_Activity:_ Once you find the line with "Pattie Jayden: The" in the listing below, please repeat it and every later line exactly, through the last one, without pictures.
··· Information provided
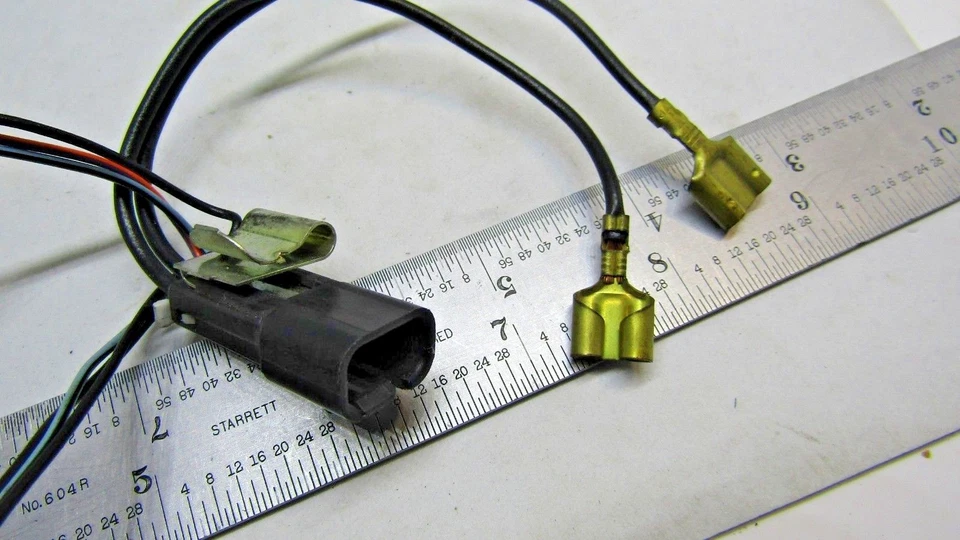 1992 FORD ECONOLINE 150 250 350 CRUISE CONTROL SWITCH BUTTON NEW NOS  TO 05-1992 - Image 2 of 4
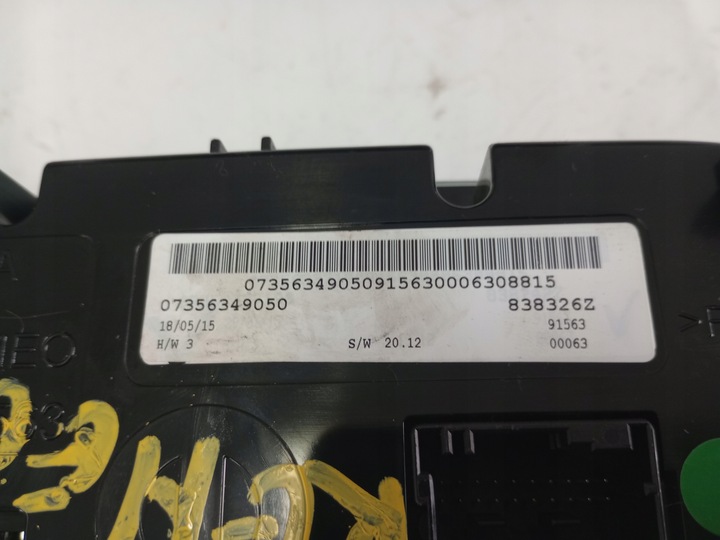 фото №10, Jeep renegade панель кондиціонера 07356349050 європа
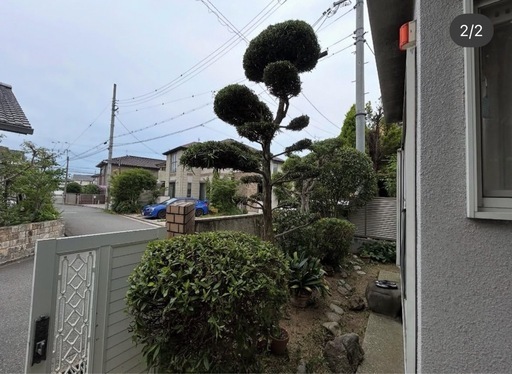 堺市・大阪狭山市・富田林市｜草刈り・剪定・防草シート承ります（造園経験）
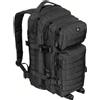 MFH ZAINETTO TATTICO NERO CON 7 TASCHE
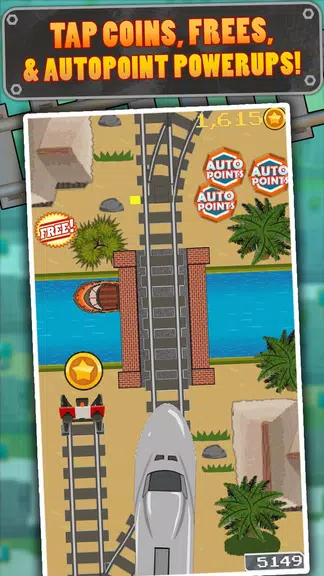 Loco Run: Train Arcade Game Screenshot1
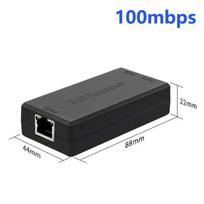 2 Port Gigabit POE Extender 10/100/1000Mbps IEEE 802.3af/at PoE Repeater For Surveillance CCTV IP Camera Power Supply 100mbps
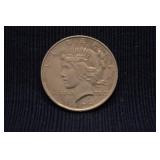 1924 - P PEACE DOLLAR AU 1924 - P PEACE DOLLAR AU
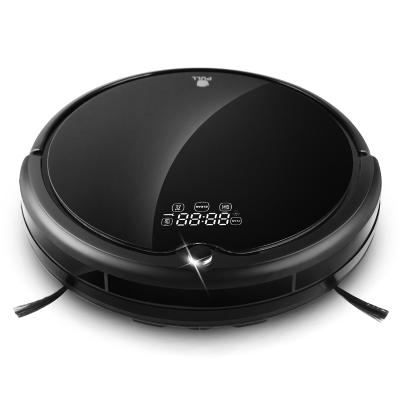 China Household Robot Vacuum Cleaner Floor Wet Mopping Robot Easy Wet Mopping Home Vacuum Cleaner for sale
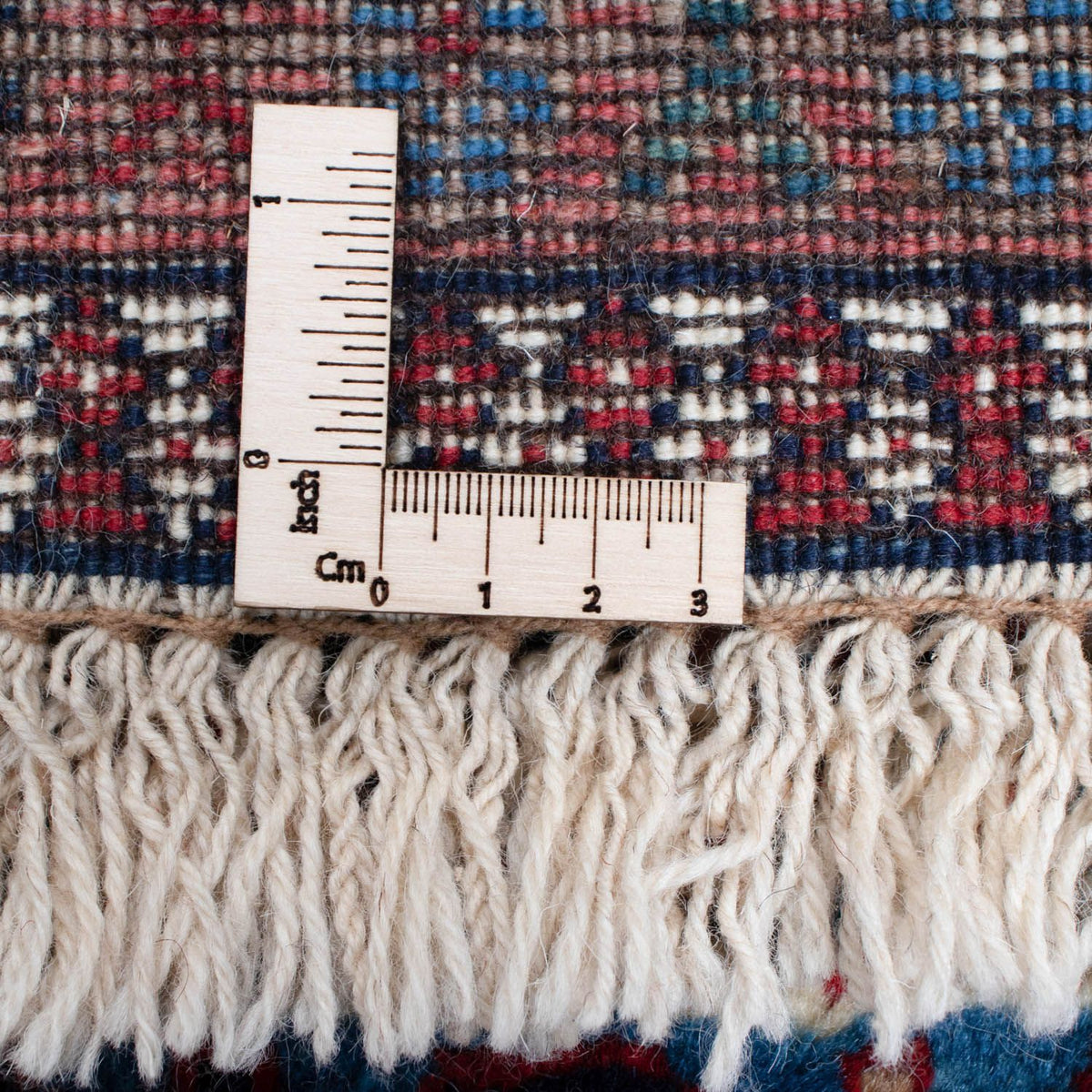 Tapis persan - Nomadic - 146 x 100 cm - bleu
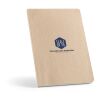 Joyce A5 Notebook Banana cover. 80gsm recycled 196 pages Champagne | No Branding | not available | not available | not available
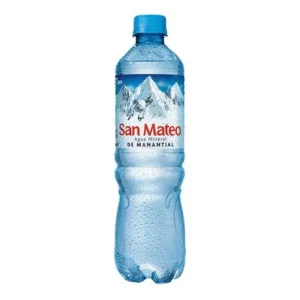 AGUA SAN MATEO S/G 600ML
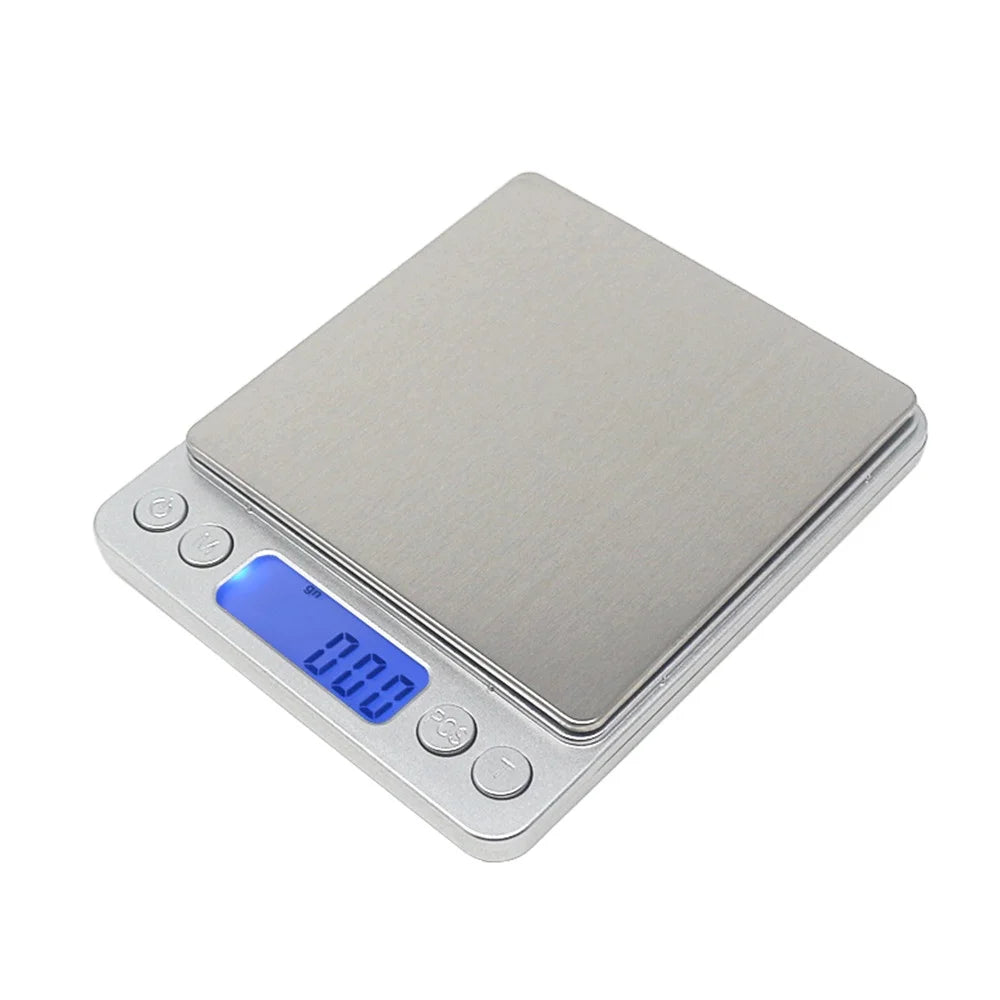 0.1g Digital Kitchen Scale Jewelry Gold Balance Weight Gram LCD Pocket Weighting Electronic Scales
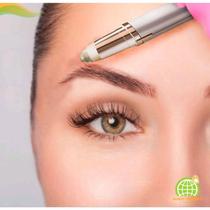 Mini caneta depiladora facial portátil tira pelôs elétrico recarregável USB - MLO Mini caneta depiladora facial portátil tira pelôs elétrico recarregável USB - MLO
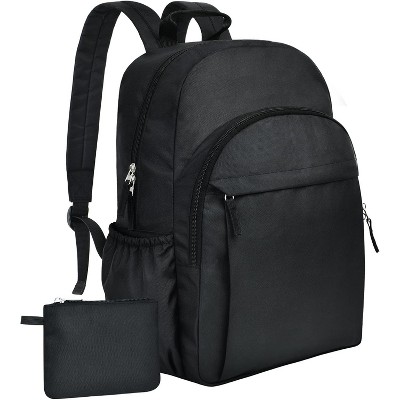 15.6"Travel Backpack Carry on, Water Resistant School Backpacks for Teens, College Back Pack Bookbag for Boys Girls, Work Backpacks for Women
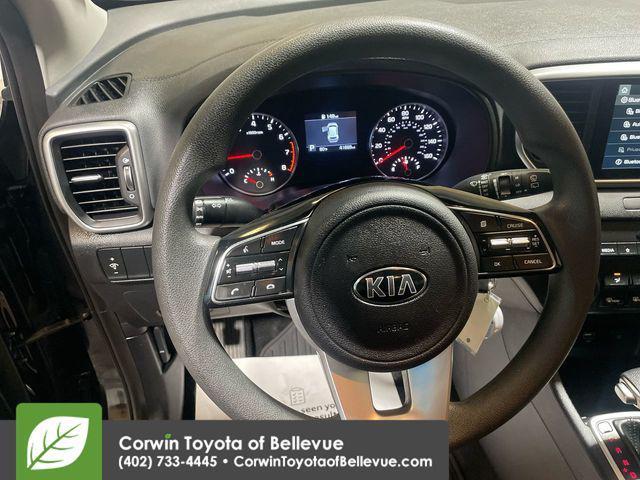 used 2021 Kia Sportage car, priced at $19,750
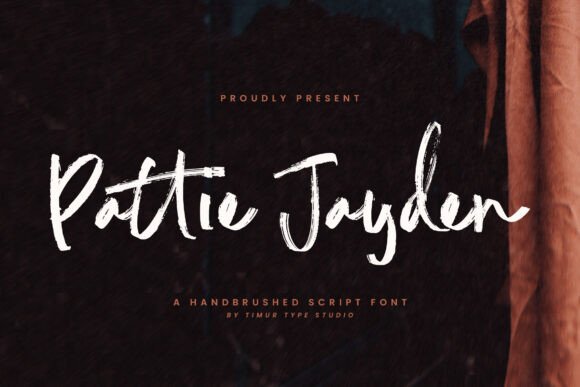 Pattie Jayden: The Script Font That Elevates Campaign Visuals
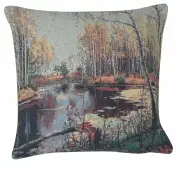 Placid Autumn Glade Couch Pillow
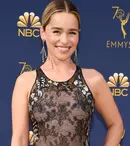 Emilia Clarke dezvăluie fotografii rare din perioada operațiilor suferite pe creier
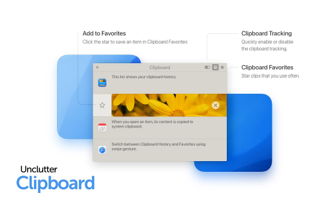 Unclutter Clipboard for Mac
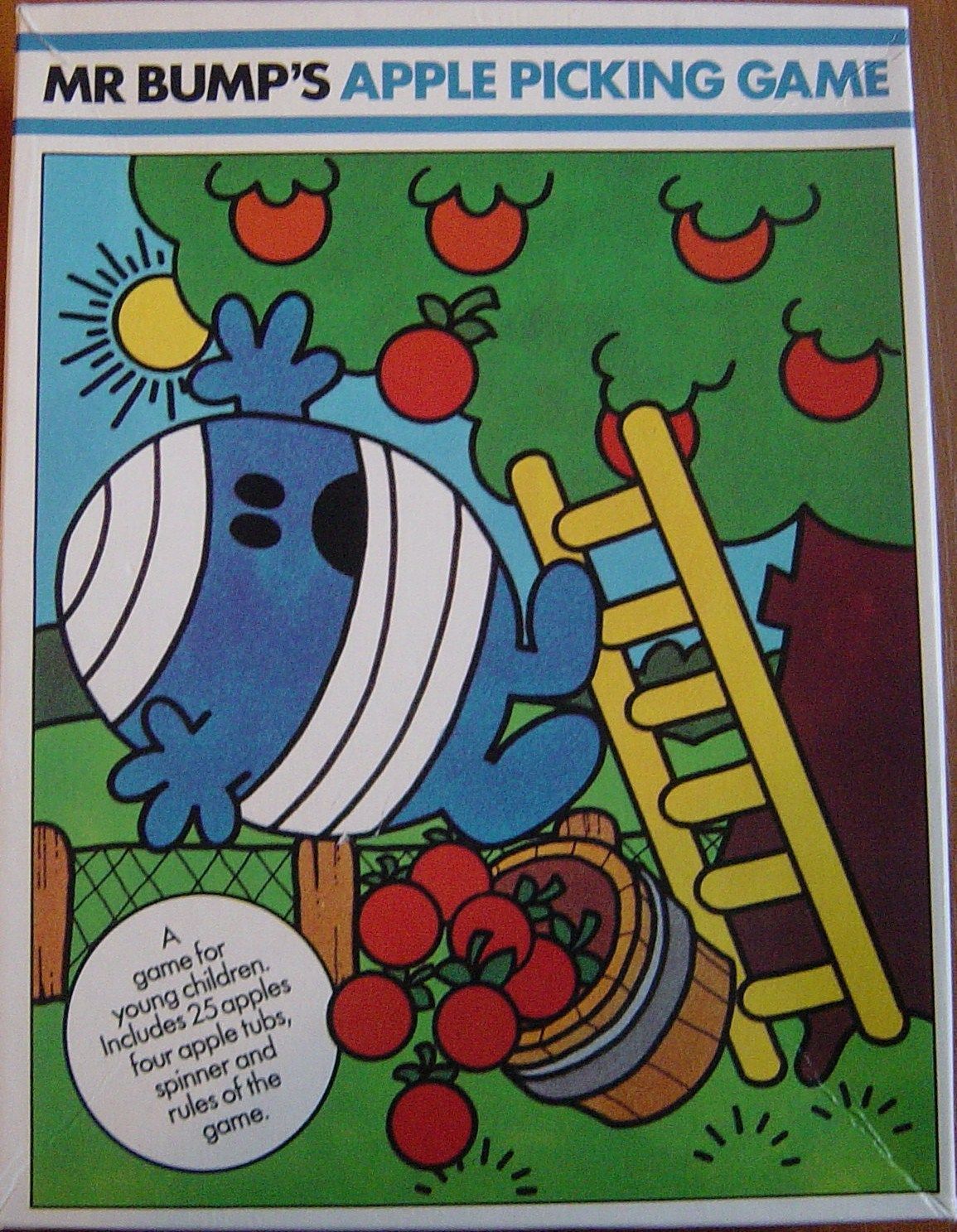 Mr Bump's Apple Picking Game cover art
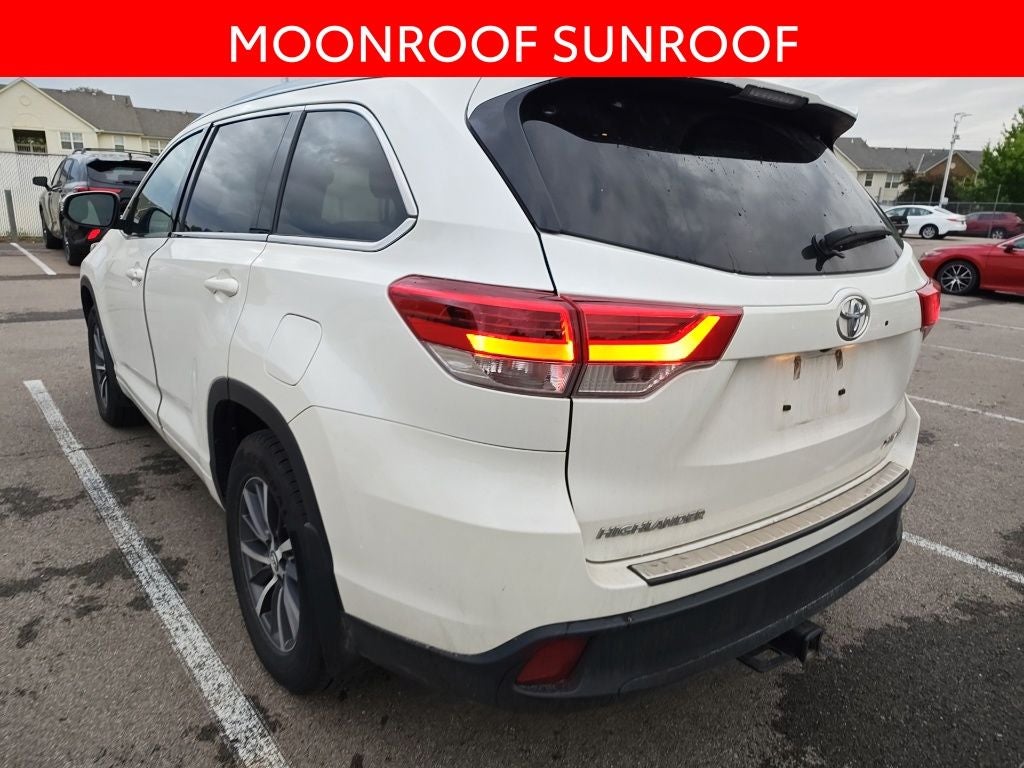 2018 Toyota Highlander XLE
······
_Task solution:_
 Pattie Jayden: The Script Font That Elevates Campaign Visuals
 Placid Autumn Glade Couch Pillow
 Emilia Clarke dezvăluie fotografii rare din perioada operațiilor suferite pe creier
 Unclutter Clipboard for Mac
 Mr Bump's Apple Picking Game cover art
 2018 Toyota Highlander XLE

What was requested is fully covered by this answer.